Je raille, je sais, mais ça m’empêche de dérailler.
Permettez donc que je blasphème contre ce royaume d’essieux.
C’est grâce à la notoriété de Pierre Lavoie* que l’école a pu obtenir, après des années de demandes à la commission scolaire, le permis de construire et les subventions pour un nouveau gymnase. Dès que la fille du célèbre vélocipède s’est mise à fréquenter l’établissement, on a arrêté de pédaler dans le vide et l’édifice s’est érigé sur les chapeaux de roue. Pierre, qui roule, amasse pour nos p’tits mousses.
C’est donc le nez sur le guidon que le projet est passé à la vitesse supérieure. La caravane n’a pas fait le Tour des besoins, pensant qu’une telle aubaine ne pouvait que garantir le podium. À quoi bon se mouiller le maillot ? Il sera jaune.
C’est ainsi que, sous prétexte de faire du sport dans de meilleures conditions, on a oublié tout le reste. Chaque école est pourtant un milieu de vie particulier. La mienne avait, entre autres, une vocation artistique et le théâtre aurait pu tirer profit de cet agrandissement si l’architecte avait entendu parler de développement durable et conçu ses plans en ayant conscience de l’environnement.
C’est ce qu’on appelle une décision cloisonnée.
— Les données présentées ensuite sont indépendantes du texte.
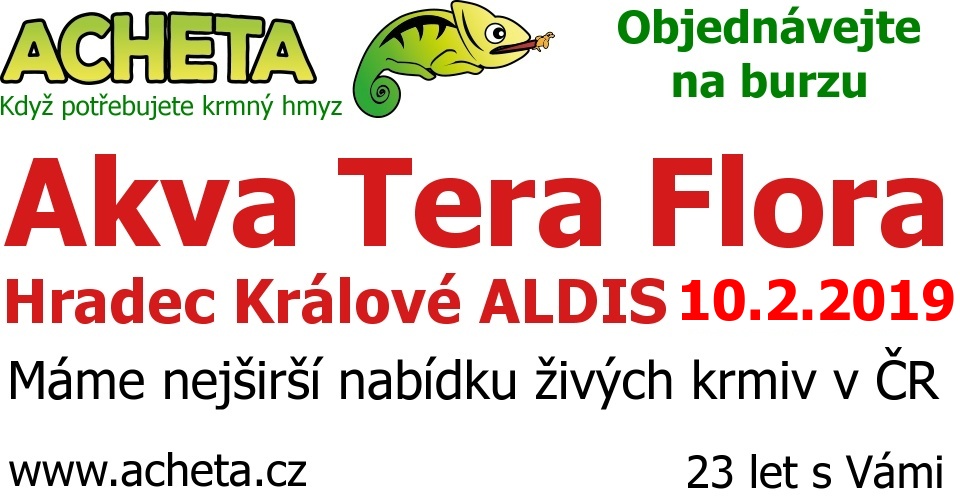 Burza Akva Tera Flora - Hradec Králové ALDIS - 10. února 2019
Aucune vision globale du champ de courses ! La seule intégration qui ait été faite, c’est ce tunnel ombilical permettant aux petits athlètes de quitter la maison mère sans avoir froid l’hiver.
Certes, on ne cherchait pas à me mettre de bâtons dans les roues, on aime mon côté déjanté. On pensait même m’offrir une belle échappée en m’invitant à travailler dans ce nouveau sanctuaire dédié au sport. On court, on bouge, on saute dans mes cours de théâtre, mais pas seulement. Être en SANTÉ, ce n’est pas seulement se mettre en MOUVEMENT. Et Acter, c’est bien plus que se mettre en ACTION.
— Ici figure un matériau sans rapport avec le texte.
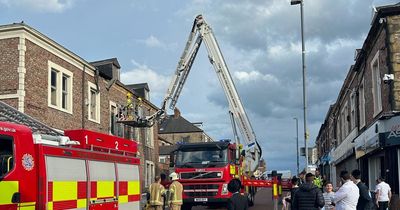 Police close road as firefighters attend Gateshead property after 'partial collapse'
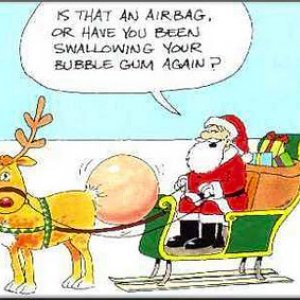 FUNNY SANTA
Pierre aime pourtant se donner en spectacle, il devrait savoir qu’en art dramatique, on travaille le grand défi de la voix. Les murs du gymnase sont si hauts que l’acoustique est celle d’une cathédrale. Comment ne pas se dégonfler quand, aussi motivé soit-il, l’enfant perd sa voix dans son propre écho ? Comment ne pas être à plat, quand chacun de mes mots, chacune de mes consignes se tape son p’tit marathon pour arriver à l’oreille de l’élève, en queue de peloton, après tous les autres bruits ambiants. Plutôt qu’une somptueuse salle de douche que les enfants n’utilisent pas (vous seriez-vous mis tout nu à l’école quand vous étiez au primaire, le Chat ?), un rideau épais aurait permis de séparer le gymnase en deux et de mieux insonoriser l’endroit.
C’est bien beau de changer les vitesses, mais quand on n’a pas la côte, à quoi ça sert ? Les arts ne seront-ils toujours qu’une roue de secours ? Et les artistes qu’une bande d’intellectuels ? Mon histoire ne fait que répéter, à plus petite échelle, celle du grand amphithéâtre de Québec qui n’a de théâtral que le remue-ménage qu’on y fait pour y installer une équipe de hockey. On voit tout de suite où sont les priorités.
Alors, nous, les artistes… à force de nous tordre le boyau, on a une sacrée descente.
J’ai un coup de pompe, le Chat. Fatiguée de sucer la roue de la fortune pour n’être, en bout de ligne, que si pneu considérée.
Sophie, voiture balai
* Fondateur du Grand défi Pierre Lavoie qui, entre autres, réunit chaque année, des milliers de cyclistes, commandités, pour une course de 1000 kilomètres.